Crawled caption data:
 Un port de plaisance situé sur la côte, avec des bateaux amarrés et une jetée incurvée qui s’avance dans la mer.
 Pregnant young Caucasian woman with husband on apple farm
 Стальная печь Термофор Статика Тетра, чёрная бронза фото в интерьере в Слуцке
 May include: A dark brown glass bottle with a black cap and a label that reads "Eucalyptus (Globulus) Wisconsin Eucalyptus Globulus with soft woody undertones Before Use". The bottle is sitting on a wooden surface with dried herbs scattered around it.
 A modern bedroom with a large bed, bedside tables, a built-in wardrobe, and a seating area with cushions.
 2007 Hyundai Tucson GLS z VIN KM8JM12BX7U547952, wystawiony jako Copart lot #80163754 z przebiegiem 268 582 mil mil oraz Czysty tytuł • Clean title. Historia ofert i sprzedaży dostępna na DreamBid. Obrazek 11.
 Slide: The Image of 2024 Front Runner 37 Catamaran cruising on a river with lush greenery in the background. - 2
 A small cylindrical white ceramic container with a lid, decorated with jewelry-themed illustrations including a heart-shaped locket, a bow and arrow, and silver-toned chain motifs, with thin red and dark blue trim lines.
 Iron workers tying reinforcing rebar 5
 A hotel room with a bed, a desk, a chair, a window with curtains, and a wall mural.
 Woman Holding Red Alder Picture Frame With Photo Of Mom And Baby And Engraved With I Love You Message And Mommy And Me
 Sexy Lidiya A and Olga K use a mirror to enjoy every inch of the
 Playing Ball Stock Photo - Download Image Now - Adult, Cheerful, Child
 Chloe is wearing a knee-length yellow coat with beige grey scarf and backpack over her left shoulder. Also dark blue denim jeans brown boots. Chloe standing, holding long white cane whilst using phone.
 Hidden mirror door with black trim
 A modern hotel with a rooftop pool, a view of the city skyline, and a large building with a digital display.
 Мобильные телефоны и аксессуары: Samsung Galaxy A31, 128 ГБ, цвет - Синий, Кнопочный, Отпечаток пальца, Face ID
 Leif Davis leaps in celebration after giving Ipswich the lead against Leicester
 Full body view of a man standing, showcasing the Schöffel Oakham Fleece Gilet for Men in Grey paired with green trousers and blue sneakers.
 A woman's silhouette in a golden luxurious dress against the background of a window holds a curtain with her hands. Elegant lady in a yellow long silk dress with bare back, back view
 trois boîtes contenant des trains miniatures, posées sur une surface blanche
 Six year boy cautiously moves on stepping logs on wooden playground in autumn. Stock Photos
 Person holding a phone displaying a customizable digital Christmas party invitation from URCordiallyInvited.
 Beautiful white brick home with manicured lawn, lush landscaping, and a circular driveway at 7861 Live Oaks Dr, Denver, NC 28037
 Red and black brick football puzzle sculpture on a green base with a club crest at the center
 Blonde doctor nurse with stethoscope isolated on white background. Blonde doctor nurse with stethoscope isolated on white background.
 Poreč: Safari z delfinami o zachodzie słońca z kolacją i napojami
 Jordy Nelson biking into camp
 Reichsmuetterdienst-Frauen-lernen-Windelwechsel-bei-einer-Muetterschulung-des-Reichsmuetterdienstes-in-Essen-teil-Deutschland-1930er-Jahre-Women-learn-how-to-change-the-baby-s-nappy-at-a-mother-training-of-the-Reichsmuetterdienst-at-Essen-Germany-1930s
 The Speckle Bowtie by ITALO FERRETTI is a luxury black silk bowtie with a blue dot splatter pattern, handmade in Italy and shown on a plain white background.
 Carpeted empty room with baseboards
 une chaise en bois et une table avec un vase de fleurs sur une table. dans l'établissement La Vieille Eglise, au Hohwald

**Task brief:**
Which lines run from the one holding "Мобильные телефоны и" through the one holding "Leif Davis leaps" in the records above? Repeat them exactly, both included, and nothing more.

**Response area:**
 Мобильные телефоны и аксессуары: Samsung Galaxy A31, 128 ГБ, цвет - Синий, Кнопочный, Отпечаток пальца, Face ID
 Leif Davis leaps in celebration after giving Ipswich the lead against Leicester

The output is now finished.